# Dataset extract
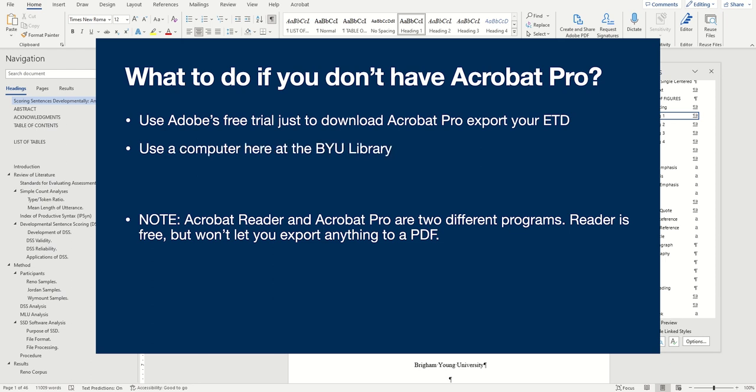The best option is to come into the BYU library and use the computers that we have here in the Software Training Lab. They all have Acrobat Pro already installed, so all you need to do is save your document onto a drive and then transfer it to the computer you're using here.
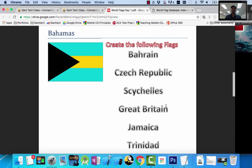Congratulations on completing your first assignment, creating the flags of Costa Rica, Russia, Germany, and those other flags. Now here's your second assignment in Photoshop.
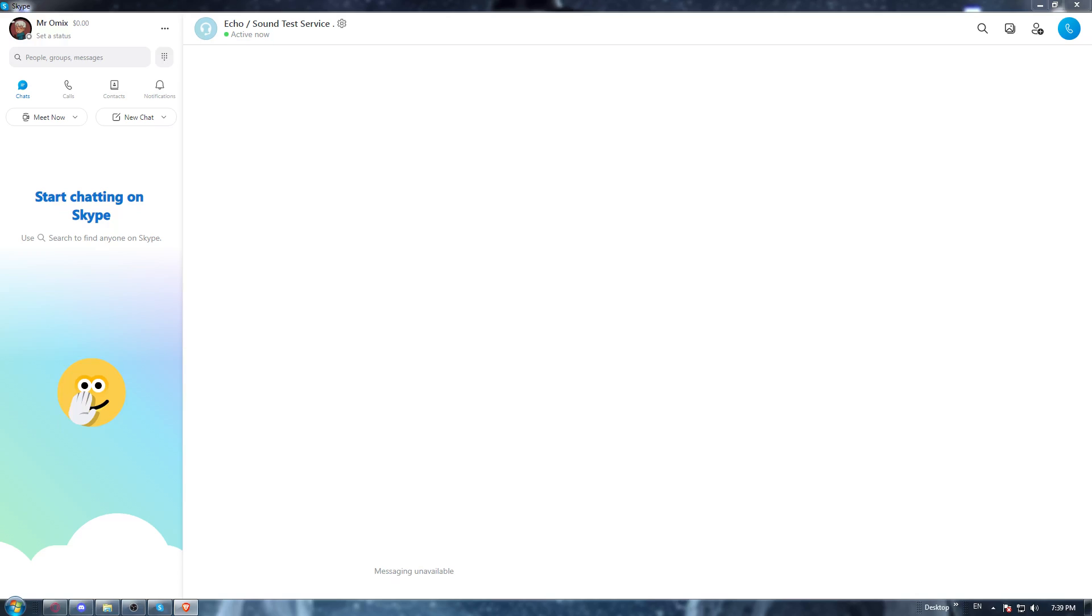If you don't, just go and open whatever browser you're using on your PC. Once it's opened, go to the URL section and type download Skype application. Once you do that, go and click at the first link, start the download.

# Task directions
Retype the data above exactly; pictures are not part of the copy.

# Result for this exercise
The best option is to come into the BYU library and use the computers that we have here in the Software Training Lab. They all have Acrobat Pro already installed, so all you need to do is save your document onto a drive and then transfer it to the computer you're using here.
Congratulations on completing your first assignment, creating the flags of Costa Rica, Russia, Germany, and those other flags. Now here's your second assignment in Photoshop.
If you don't, just go and open whatever browser you're using on your PC. Once it's opened, go to the URL section and type download Skype application. Once you do that, go and click at the first link, start the download.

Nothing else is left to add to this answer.